L'esponente socialista, che qualcuno dava in pole position per un ruolo di peso, tra Nato e Consiglio europeo, ha detto che non percorrerà la strada delle mozioni ma chiede una riflessione per cambiare la politica ed evitare che le fake news dominino la scena. Sánchez ha spiegato nel suo messaggio alla nazione che con questa decisione assume un nuovo impegno «a lavorare instancabilmente, con fermezza e serenità, per la futura rigenerazione della nostra democrazia e per il progresso e il consolidamento dei diritti e delle libertà, perché i mali che ci affliggono non sono affatto esclusivi della Spagna».
Ovvero farebbero parte di un movimento reazionario globale che aspira a imporre la sua agenda regressiva attraverso la diffamazione, la menzogna, l'odio e l'appello a paure e minacce che non corrispondono alla scienza o alla razionalità. «Mostriamo al mondo come si difende la democrazia» ha concluso, ma senza convincere troppo, né il paese né il Parlamento. Alcuni commentatori parlano apertamente di domande inevase e di precisazioni mancate nella sua arringa.

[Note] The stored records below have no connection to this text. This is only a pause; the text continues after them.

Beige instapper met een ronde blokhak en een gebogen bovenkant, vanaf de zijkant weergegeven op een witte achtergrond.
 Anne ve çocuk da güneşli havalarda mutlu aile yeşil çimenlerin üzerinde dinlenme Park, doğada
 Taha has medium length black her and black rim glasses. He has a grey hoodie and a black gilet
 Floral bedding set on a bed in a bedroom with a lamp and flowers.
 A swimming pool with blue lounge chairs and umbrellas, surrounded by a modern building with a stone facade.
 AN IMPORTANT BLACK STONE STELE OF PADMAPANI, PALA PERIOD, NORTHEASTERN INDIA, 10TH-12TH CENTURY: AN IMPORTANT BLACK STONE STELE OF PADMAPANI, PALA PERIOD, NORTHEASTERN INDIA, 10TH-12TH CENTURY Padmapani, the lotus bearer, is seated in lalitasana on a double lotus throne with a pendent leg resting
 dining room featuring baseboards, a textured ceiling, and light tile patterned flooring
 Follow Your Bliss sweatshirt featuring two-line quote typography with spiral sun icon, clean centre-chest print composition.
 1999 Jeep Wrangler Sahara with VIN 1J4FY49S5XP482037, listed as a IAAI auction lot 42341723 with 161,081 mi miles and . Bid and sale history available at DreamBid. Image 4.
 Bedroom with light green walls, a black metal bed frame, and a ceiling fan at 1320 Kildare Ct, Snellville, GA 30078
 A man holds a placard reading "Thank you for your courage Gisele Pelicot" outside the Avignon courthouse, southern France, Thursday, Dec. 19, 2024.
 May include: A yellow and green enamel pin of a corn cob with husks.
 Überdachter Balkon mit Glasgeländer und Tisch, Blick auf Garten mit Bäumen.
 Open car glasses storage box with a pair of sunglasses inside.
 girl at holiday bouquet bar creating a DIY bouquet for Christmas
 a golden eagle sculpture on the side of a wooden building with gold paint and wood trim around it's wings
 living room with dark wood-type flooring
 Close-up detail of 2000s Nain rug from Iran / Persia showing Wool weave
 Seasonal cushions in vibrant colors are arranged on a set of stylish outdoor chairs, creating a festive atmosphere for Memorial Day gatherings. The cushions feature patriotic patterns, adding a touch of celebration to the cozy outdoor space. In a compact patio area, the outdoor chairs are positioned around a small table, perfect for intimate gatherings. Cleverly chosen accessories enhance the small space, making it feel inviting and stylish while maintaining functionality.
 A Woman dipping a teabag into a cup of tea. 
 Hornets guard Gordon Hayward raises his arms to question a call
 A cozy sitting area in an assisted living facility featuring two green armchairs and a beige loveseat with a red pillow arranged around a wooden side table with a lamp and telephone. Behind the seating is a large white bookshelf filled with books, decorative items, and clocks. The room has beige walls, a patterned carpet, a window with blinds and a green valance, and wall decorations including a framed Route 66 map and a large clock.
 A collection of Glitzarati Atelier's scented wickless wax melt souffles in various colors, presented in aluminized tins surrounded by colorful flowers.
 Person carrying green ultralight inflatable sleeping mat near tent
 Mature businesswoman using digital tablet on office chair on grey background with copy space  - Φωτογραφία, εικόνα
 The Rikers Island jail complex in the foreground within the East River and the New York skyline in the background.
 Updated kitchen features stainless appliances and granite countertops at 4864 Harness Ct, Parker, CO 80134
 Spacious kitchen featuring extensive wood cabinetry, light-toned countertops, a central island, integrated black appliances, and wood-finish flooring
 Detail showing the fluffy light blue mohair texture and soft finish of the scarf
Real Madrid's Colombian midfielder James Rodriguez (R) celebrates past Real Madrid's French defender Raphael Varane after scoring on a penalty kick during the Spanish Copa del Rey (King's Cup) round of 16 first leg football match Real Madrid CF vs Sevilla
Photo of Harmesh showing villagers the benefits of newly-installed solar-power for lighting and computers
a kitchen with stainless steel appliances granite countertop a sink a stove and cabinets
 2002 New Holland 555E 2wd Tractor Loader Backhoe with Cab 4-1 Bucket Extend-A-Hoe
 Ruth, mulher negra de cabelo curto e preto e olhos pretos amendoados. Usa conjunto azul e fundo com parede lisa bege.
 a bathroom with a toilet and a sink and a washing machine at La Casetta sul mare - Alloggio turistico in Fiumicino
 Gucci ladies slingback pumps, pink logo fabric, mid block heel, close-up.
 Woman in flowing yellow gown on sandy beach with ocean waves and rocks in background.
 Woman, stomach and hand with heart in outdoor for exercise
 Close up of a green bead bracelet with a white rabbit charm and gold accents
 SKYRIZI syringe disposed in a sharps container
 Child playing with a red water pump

Di sceneggiata lo accusano le opposizioni, secondo cui dopo giorni di grande incertezza, con i mercati già in fibrillazione per le tensioni a Madrid, questa marcia indietro ha il sapore della presa in giro.
Alberto Nunez Feijoo lo definisce un presidente che «ha comprato l'appoggio dei suoi soci con la dignità di tutti gli spagnoli». Il riferimento è al voto di fiducia per il suo esecutivo ottenuto con l'appoggio dei separatisti catalani, a cui ha promesso l'amnistia. Ama solo se stesso, è troppo nervoso, questa sceneggiata è molto pericolosa: ecco il tenore della riflessione fatta dal Partito Popolare, che teme un'evoluzione ben più grave.
Ovvero la convinzione che per Sánchez non sono i giudici che possono condannare Puigdemont o perseguire sua moglie, «solo lui può deciderlo e nessun altro tranne lui. Perché solo lui sa cosa è degno e giusto». In sostanza i popolari temono una dittatura al contrario, dove il rischio non è dato da una destra dirigista ma piuttosto da un leader socialista che ha perso la barra della ragione e ha «la pretesa di essere ancora più presidente, anche se a costo di ancora meno democrazia». Per questa ragione Feijoo chiede un nuovo governo democratico.
Timori condivisi anche da Santiago Abascal, leader di Vox, secondo cui il peggio di Sánchez «deve ancora venire» e a questo punto l'unica azione da intraprendere è «lavorare per la resistenza e per la costruzione di un'alternativa urgente e praticabile».
Tra due settimane il partito celebrerà la sua convention a Madrid, a cui parteciperà anche il presidente dell'Argentina, l'ultraliberista Javier Milei, che nell'occasione non ha chiesto di incontrare né il capo del governo né il re.